Thinking inside the box

More people than ever are packing a lunch for work or school. The number of ways to carry the meal have grown, too.
Are you still brown-bagging it? If so, it may be time for a change. Lunch has evolved beyond the sandwich, and lunch containers have kept pace. They keep your salad crisp, your dressing separate, your drink cold and soup hot, and your taco intact.

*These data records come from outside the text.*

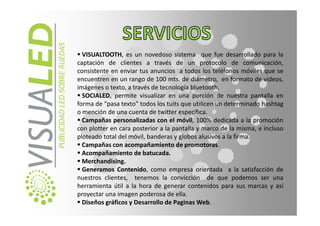 VISUALTOOTH, es un novedoso sistema que fue desarrollado para la
captación de clientes a través de un protocolo de comunicación,
consistente en enviar tus anuncios a todos los teléfonos móviles que se
encuentren en un rango de 100 mts. de diámetro, en formato de videos,
imágenes o texto, a través de tecnología bluetooth.
  SOCIALED, permite visualizar en una porción de nuestra pantalla en
forma de “pasa texto” todos los tuits que utilicen un determinado hashtag
o mención de una cuenta de twitter específica.
  Campañas personalizadas con el móvil, 100% dedicada a la promoción
con plotter en cara posterior a la pantalla y marco de la misma, e incluso
ploteado total del móvil, banderas y globos alusivos a la firma.
  Campañas con acompañamiento de promotoras.
  Acompañamiento de batucada.
  Merchandising.
  Generamos Contenido, como empresa orientada a la satisfacción de
nuestros clientes, tenemos la convicción de que podemos ser una
herramienta útil a la hora de generar contenidos para sus marcas y así
proyectar una imagen poderosa de ella.
  Diseños gráficos y Desarrollo de Paginas Web.
 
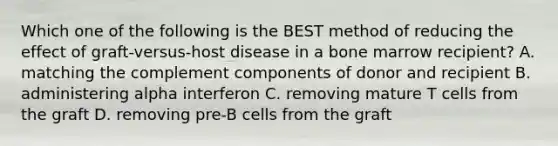 Which one of the following is the BEST method of reducing the effect of graft-versus-host disease in a bone marrow recipient? A. matching the complement components of donor and recipient B. administering alpha interferon C. removing mature T cells from the graft D. removing pre-B cells from the graft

JoAnne Anderson, marketing manager for Pacific Marketing International -- the parent company of Aladdin, the lunch box manufacturer, and Stanley, the thermos maker -- says research indicates more people than ever are bringing their lunch to school and work, for economic, nutritional, and environmental reasons. What they bring that lunch in now includes reusable sandwich wraps that wipe clean, bowls outfitted with yogurt-holding ice packs, and containers with serious style.

Kids' lunch totes are still adorned with superheroes and princesses, but instead of metal and hard plastic boxes, they are soft, insulated sacks with pockets for cold packs and elastic bands for securing bottles. Betsy Block, author of the newly published "The Dinner Diaries: Raising Whole Wheat Kids in a White Bread World," says that "if the cheese gets wet or the x chips soggy, my little daughter, Maya, won't eat."

But as Block shops for containers that forestall those disasters, she is also concerned about safety. She cautions that consumers need to know what containers are made of. "Look for ..... 1(PETE), 2(HDPE), 4(LDPE) and 5(PP) in the recycle triangle," says Block -- these are OK. "Even if the risk is small, why take the chance if you have choices?" She recommends the National Geographic Green Guide website (www.thegreenguide.com/doc/77/plastics) as a place to educate yourself.

Deborah Hamilton, creator of the website www.lunchinabox.net, spent nine years in Japan and became besotted with bento, the Japanese portable meal that is the ultimate in compartmentalized lunchboxes. Healthy food arranged attractively for both kids and adults is serious business in Japan. Her website illustrates the lunches she packs for her young son. "Basically I am too lazy to make him something different from what we eat at home," says Hamilton, "so it is all in the packing." She has a collection of cute Japanese-style lunchboxes for her son with all manner of sauce containers, appealing muffin holders, and cartoon-character-shaped molds for rice balls or sandwiches. Her website has recipes, excellent tips for making food in advance, product reviews, and information on bento boxes. Although some might be intimidated by the lengths she goes to for her son's lunch, the site has practical information and is occasionally inspirational. Tokai Japanese Gifts (617-864-5922) at the Porter Exchange in Cambridge has bento boxes for adults. (They are also a great way to practice portion control.)

Several new products help reduce the amount of disposables. Wrap-N-Mat is a square of fabric lined with plastic (the good kind) that closes with a Velcro strap to wrap sandwiches or cookies. When opened, it doubles as a place mat. Wash and dry overnight and use again and again. (Bye bye, baggies.) These are available in a variety of colors and designs (www.wrapnmat.com). Check out the www.reusablebags.com website, which offers items for toting all manner of things around, including food.

Today's containers are often designed with specific foods in mind. There is, for example, a hinged plastic container for a banana (www.bananasaver.com). Fit & Fresh (www.fit-fresh.com) has compartmentalized containers with snap-in, fitted cold packs. There is a carrier for salads with a lid that contains the dressing. Flip open a cap and the dressing drizzles onto the salad. The Breakfast Chiller comes with a doughnut-like ice pack that surrounds a container for milk or yogurt.

Among local stores, Target seems to have the largest variety of lunch solutions. You will find them in the housewares, back-to-school, and outdoors departments. A young cashier got really excited as she scanned a bunch of saladware. "Wow! I stopped bringing salad to work because it got all mushy. These are way cool."

Get healthy, be frugal, and go green. If you can make it, you can take it -- in safety and style.